Local Network with dual OS Linux/Windows

Michel Quercia, October 1998
michel.quercia@prepas.org

Presentation

Carnot is a school in the center of Dijon with approximately 2700 students (700 in secondary school, 2000 in high school). It has an important set of computers : about 200 machines PC-type running the operating systems Windows-3.11 or Windows-95 (client machines), Novell (administrative servers) and Linux 2.0.34 (servers and clients). Those machines are spread in all the school and connected together with two local networks :

The reason for that division in two networks is to grant security for the administration's computers against the computer science laboratory and to divide network traffic in order to keep a good fluidity.

The computer science laboratory is made up with four rooms each with about fifteen machines used for computer science lessons and experiments at all levels (high school and undergraduate).

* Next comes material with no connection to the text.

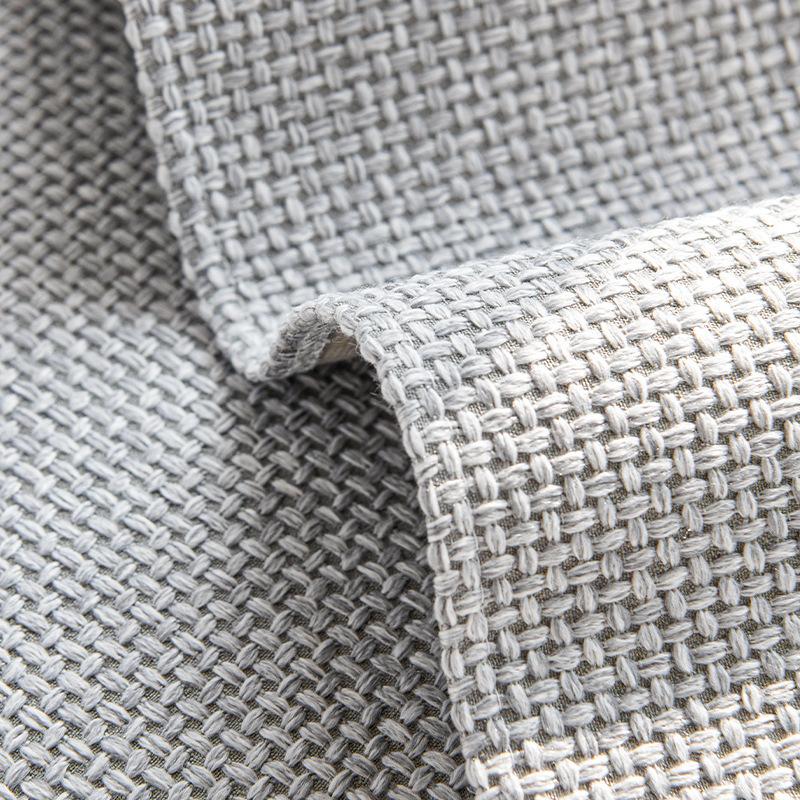 Solid Color Braid Cotton Linen Sofa Cover Couch L Shaped Combination Furniture Slipcover Anti-slip Coverage Cushion Settee Towel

One or two of these rooms depending on the day are open to free-access every afternoon and Saturday morning to allow students to browse the Internet, type reports or do any work requiring a computer. For now, the laboratory has 74 machines :

History :

At the beginning, we had at the computer science laboratory only PC running MS-DOS, most of them of type 286, 386 and 486 gradually replaced with Pentiums thank's to endowments from rectorat and the "région Bourgogne".

In 1995-1996, in order to teach the Caml language in good conditions, we install Linux on about twenty machines (486 and P-75) together with Windows-3.11.

1996-1997 : settlement of a local network in two rooms out of four. These rooms are each equipped with a file server running Linux (386SX-33) storing the software used on clients both with Linux and Windows OS. In the middle of the school-year the two rooms are connected together and to the only machine accessing the Internet through an analog telephone line. This computer runs both Windows-95 and Linux, but doesn't yet share it's Internet access to the other machines. Then we put it permanently under Linux and we set up a proxy-server (httpd from Cern first, then apache) to allow the computers connected to the network to access the Internet. The analog phone line is replaced with an ISDN line in order to provide higher bandwidth.

1997-1998 : connection of a third room to the network, replacement of the file servers 386SX with 486DX-33 and connection of the Internet machine to the administrative network. At this time, about a hundred computers virtually have concurrent access to the Internet, the ISDN line being the bottleneck. One can see in the proxy logs 17000 downloads per day, which represents probably 1700 documents browsed per day (one document initiates several downloads counting included pictures). During the year another modem is installed on the gateway allowing incoming phone calls for the teachers willing to transfer files between their home and their personal directory at school and also allowing remote administration of the network. Since end of 1997 : automatic service of the laboratory's machines during night and holidays.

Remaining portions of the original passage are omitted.